Lest we go down in comfort and despair.

   — Mary Oliver


            I’ve never been one to accept loss with equanimity, though I often wish I could.  All the clichés about loss being a part of life, of accepting the good with the bad, seem to fall short in the wake of my sadness and grief.  This is true even when what is happening is generally a good thing.  In those cases, I then end up balancing on an emotional teeter totter between feeling excited or happy and feeling sad and morose. 

            The first time I can remember feeling this ambivalence was when I left home for college.  I was bored out of my mind my senior year in high school, counting the days, which seemed to pass oh so slowly, until graduation day and freedom!  I don’t recall how that summer went by – I know I worked so I imagine the time went quickly and the day finally arrived for me to walk out of my room, down the stairs and into my new life.  I remember pausing at the door of my room, looking at the curtains I had sewn a couple of years before with the Coca-Cola logo on a background of red.  I looked at my white, four poster bed and all the small accoutrements of childhood, and realized with full clarity that a door had closed.  Never again would I inhabit that room in the way I did all those growing up years.  I felt a lump in my throat for the little girl I once was, and all the hopes and dreams, smiles and tears that my little room contained.

            I think it is appropriate that that scene took place in my doorway.  A doorway is a “liminal” space – literally between two separate places but not a part of either one.  It is not necessarily a comfortable place to inhabit, and yet it is universally understood to be a sacred space.  The ancient Greeks kept a symbol of the god Hermes at the doorway.  Hermes was the god of change, the god of the crossroads, the god of potentiality.  So in many ways, my standing at the doorway was an unconscious recognition of the truth of my life at that moment; no longer a little girl, not yet a woman; no longer a school girl, not yet a college student; sadness at leaving childhood behind; happiness at moving into the future.

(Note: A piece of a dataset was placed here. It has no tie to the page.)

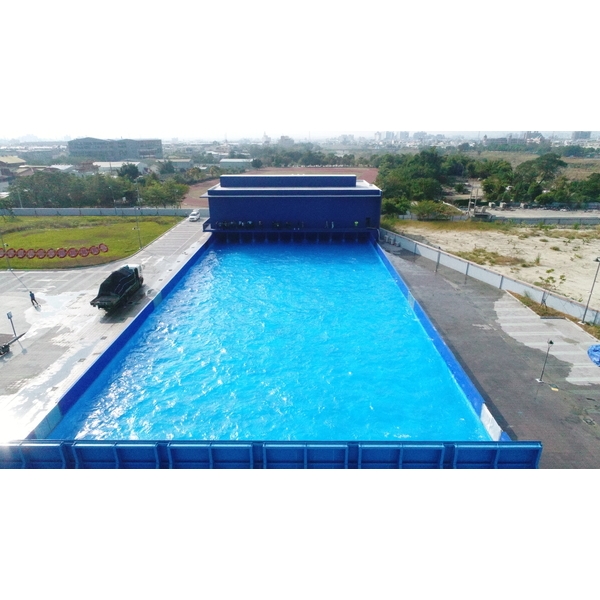 造浪池,巴比倫泳池有限公司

            And now I am at a similar liminal space in my life.  This time I am pausing at the doorway of parenthood; no longer the mother of small children, my youngest about to leave for college, I am saying good-bye to active parenting; to all the years of activities, classroom cupcakes, softball and soccer games, birthday party bounce houses, scraped knees, hugs and kisses.  As a parent, you are told to savor those years, they go by so fast.  And it is true; they did go by in the blink of an eye.  And yet, even in savoring them, as I tried my best to do, they still passed by.  Now the little boy who jumped up and down with excitement in anticipation of going to McDonald’s is a grown man about to start work on his MBA.  The little girl who held my hand and exhorted her dad when he was trying to speed her up, “Slow and steady wins the race!” is now a lovely young woman, on the precipice of her own transition into college.

            Of course I am thrilled for them and the promise their lives hold for them.  I knew my job as a mom was only temporary and that my ultimate goal was to work myself out of that job, to love them deeply, passionately and dearly and let them go.  But even with that joy, there is the sadness of ending.  I wake up in the dark hours of the morning, and my mind begins to process this incomprehensible reality that soon they will both be gone and the house will be quiet and empty in a way that it never has been before.

            I know there is no resolution for this situation – it is not a problem to be solved but rather an experience to be lived.  No amount of reassurance from others – “they aren’t going away forever!  They’ll be back for visits” – will change the fact that this phase of my life is over.  I am in the doorway of my life – no longer in one room, not yet in the other.  Though I have been in this place before, it hasn’t gotten any easier except, perhaps, in the knowledge or hope that something will arise, as yet unknown and I will fully enter into another phase in the not too distant future.